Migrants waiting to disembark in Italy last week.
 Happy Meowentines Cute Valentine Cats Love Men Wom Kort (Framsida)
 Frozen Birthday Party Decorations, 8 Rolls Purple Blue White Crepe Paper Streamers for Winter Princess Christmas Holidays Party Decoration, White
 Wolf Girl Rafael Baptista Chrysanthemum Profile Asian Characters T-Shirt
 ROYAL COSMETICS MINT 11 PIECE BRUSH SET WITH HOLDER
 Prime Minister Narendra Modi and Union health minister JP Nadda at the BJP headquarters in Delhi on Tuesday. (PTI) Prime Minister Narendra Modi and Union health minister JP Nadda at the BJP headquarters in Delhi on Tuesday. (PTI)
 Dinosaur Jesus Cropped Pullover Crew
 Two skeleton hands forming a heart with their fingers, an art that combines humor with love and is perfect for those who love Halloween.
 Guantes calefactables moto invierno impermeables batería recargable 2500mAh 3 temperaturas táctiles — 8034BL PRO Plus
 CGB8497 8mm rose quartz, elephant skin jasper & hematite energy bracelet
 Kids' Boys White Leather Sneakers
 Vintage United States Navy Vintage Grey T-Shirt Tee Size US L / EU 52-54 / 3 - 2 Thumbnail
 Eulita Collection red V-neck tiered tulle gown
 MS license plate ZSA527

□ □ □ □ □

Exercise brief. The response should be the listing above, limited to the lines between the one holding "Frozen Birthday Party" and the one holding "ROYAL COSMETICS MINT", inclusive, reproduced exactly.

The completed task.
 Frozen Birthday Party Decorations, 8 Rolls Purple Blue White Crepe Paper Streamers for Winter Princess Christmas Holidays Party Decoration, White
 Wolf Girl Rafael Baptista Chrysanthemum Profile Asian Characters T-Shirt
 ROYAL COSMETICS MINT 11 PIECE BRUSH SET WITH HOLDER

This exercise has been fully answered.